Sebuah tanah seluas dua hektar di Desa Ujung Bandar, Rantau Selatan, Labuhanbatu memiliki makna yang mendalam bagi keluarga Ramali Siregar. Namun, tanah warisan tersebut diduga ‘disulap’ menjadi milik empat perusahaan dan lima individu dengan sertifikat terbitan tahun 1995. Putusan Pengadilan Negeri Rantau Prapat yang menguntungkan para tergugat telah menimbulkan kecurigaan akan praktik mafia tanah dan mafia peradilan di daerah.

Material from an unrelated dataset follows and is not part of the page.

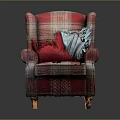 Plaid Upholstered Armchair With Red And Blue Pillows And Wooden Legs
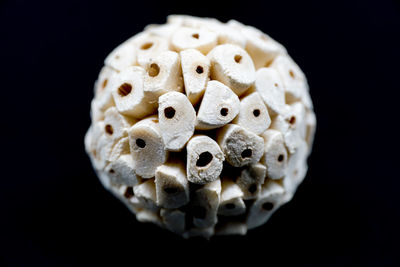 Close-up of ice cream over black background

Jurtini Siregar, 66 tahun, bersama Dewan Pimpinan Pusat LSM Kemilau Cahaya Bangsa Indonesia datang ke Jakarta untuk meminta keadilan terkait perampasan tanah dan dugaan rekayasa bukti ini. Mereka menolak tunduk pada tirani sertifikat palsu dan menuntut agar masalah ini diselidiki hingga tuntas.

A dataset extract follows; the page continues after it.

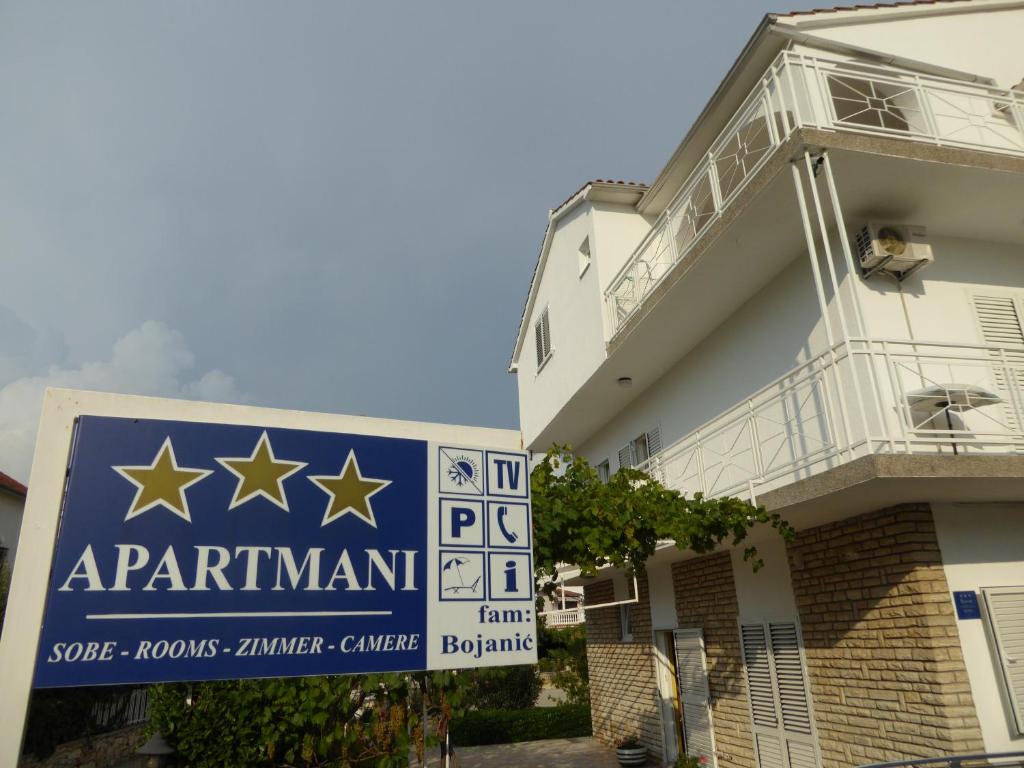un edificio con un cartello per un appartamento con delle stelle sopra di Apartments Bojanic a Vodice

LSM KCBI menegaskan bahwa vonis PN Rantau Prapat telah melanggar logika hukum dengan mengabaikan bukti-bukti autentik seperti segel asli tanah produksi tahun 1982 dan dokumen sah lainnya. Mereka melihat hal ini bukan hanya sebagai sengketa agraria biasa, melainkan sebagai bagian dari sistemik pelecehan terhadap hak-hak rakyat.
Tindakan lanjut yang diambil termasuk mengajukan banding ke Pengadilan Tinggi Medan, melaporkan ke KPK dan Komisi Yudisial, serta meminta perlindungan saksi demi keamanan keluarga korban intimidasi. Sebuah petisi publik dan koalisi sipil juga dilakukan untuk mendukung upaya penegakan hukum dan membersihkan praktik mafia agraria.

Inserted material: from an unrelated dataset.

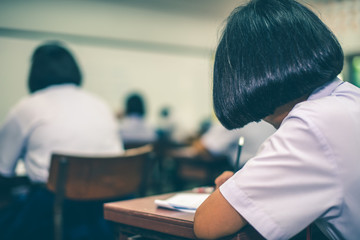 Asian high school students in a white school uniform are serious and tired of exams.
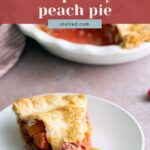 A slice of raspberry peach pie on a white plate with a fork, with the rest of the pie in the background.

Seruan kepada negara dilakukan kepada Kementerian ATR/BPN untuk melakukan audit menyeluruh terhadap penerbitan sertifikat tahun 1995. Mahkamah Agung diminta untuk mengawasi kasus agraria yang bersifat kolusi, sementara Kapolri dan Kejaksaan Agung diminta membentuk satgas anti-mafia tanah di Labuhanbatu dan wilayah lainnya.
Kisah Ibu Jurtini adalah cerminan dari banyak korban perampasan tanah di Indonesia. Keadilan yang tertunda adalah keadilan yang diabaikan, dan masyarakat tidak boleh kehilangan harapan bahwa hukum akan ditegakkan tanpa pandang bulu.